増税を喜んで賛成するのは財務省ぐらいで、ほとんどは「反対」立場だ。メディアの調査でも、半数以上が「反対」の意見だ。聞き方や選択肢の問題もあるが、一般的には、増税は国民生活にとって愉快ではない話だ。「賛成」か「反対」かを単純に問えば、「反対」するのは当たり前だ。
過去の事例を見ても、政権にとって消費税の引き上げは命運を左右する。同じ政権で、1回の引き上げでも大変だが、2回もやるとなると相当の覚悟が必要だ。政権内部でも先延ばし論が台頭しているのもそのためだ。

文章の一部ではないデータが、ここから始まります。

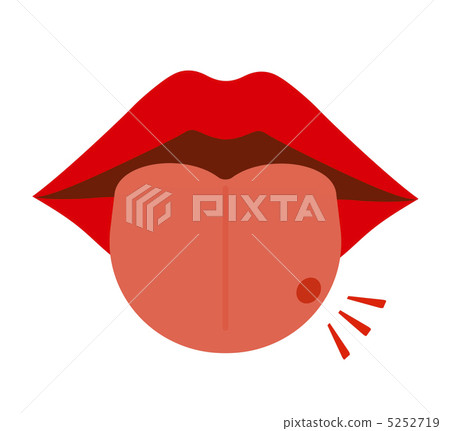 Stomatitis on the tongue 5252719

消費税は、徴税上の公平性が確保できる半面、逆進性があり、貧乏人には不利となる欠点がある。軽減税率の導入は、かつての物品税と同様に政治の具とされ、業界の思惑や利害が絡み、線引きが厄介だ。逆進性については、税制に例外措置を設けるより、他の政策で対応することを考えた方がよい。
日本の直接税の割合は、他国に比べて高い。消費税を上げることで、直間比率が改善されるが、直接税も減税して両サイドから見直すべきというのが、ワガハイの従来からの意見だ。

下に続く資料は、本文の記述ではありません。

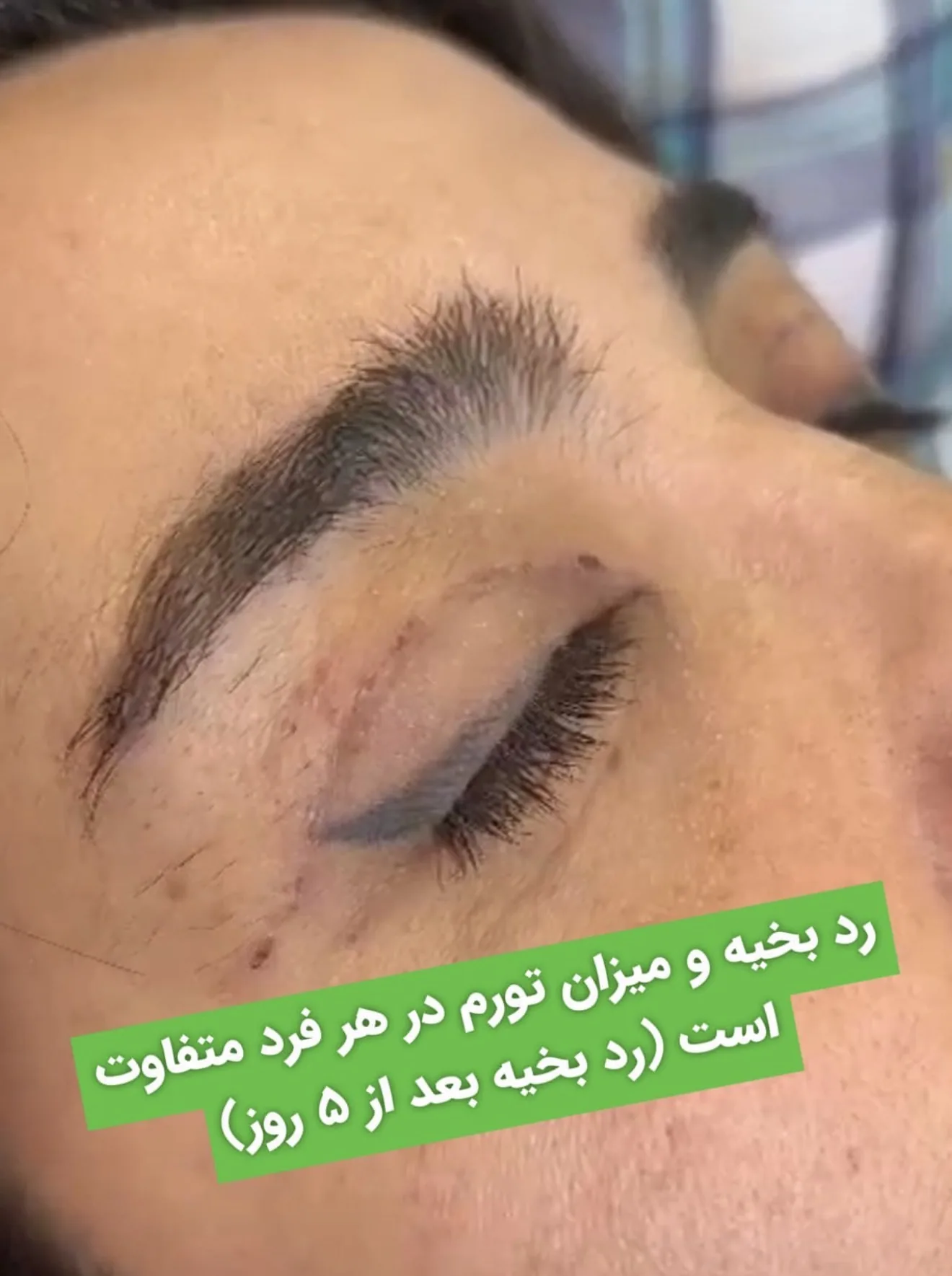 رد بخیه، ۵ روز پس از عمل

徴税過程での「クロヨン」や「トウゴウサン」のような不公平感は消費税にはない。流通段階での不正防止を担保するためには、軽減税率の導入如何に関らず、インボイス方式の導入が不可欠だ。
インボイスは、事務手続きが面倒で、中小企業などでは忌避する傾向があるが、税の公平性確保には避けて通れない。消費税は前段階控除である。インボイスでインチキをすれば、他人が払うべき税金まで、自分で払わなければならない。不正の歯止めには最適な方式である。
消費税の引き上げは、二段階に分けたが「ワンセット」の政策である。現行の8%を10%に上げるのは既成のシナリオであり、織り込み済みである。景気に多少の悪影響は予想されるが、経済対策を順次打って緩和することを考えればよい。

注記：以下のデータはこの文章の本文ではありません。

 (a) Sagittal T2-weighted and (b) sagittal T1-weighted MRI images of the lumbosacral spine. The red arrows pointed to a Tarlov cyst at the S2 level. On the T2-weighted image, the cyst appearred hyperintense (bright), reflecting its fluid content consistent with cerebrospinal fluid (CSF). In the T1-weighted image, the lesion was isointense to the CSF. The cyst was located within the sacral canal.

「反対」意見に対しては、社会保障や財政事情をどう考えるか、丁寧に国民に説明していくことが必要だ。増税で得た資金は、政府が貯金するわけではない。財政の分配機能が正常なら、時間差はあるものの、いずれ回り回って国民に還元されるものだ。「取られ損」ではなく、本来はニュートラルであるはずだ。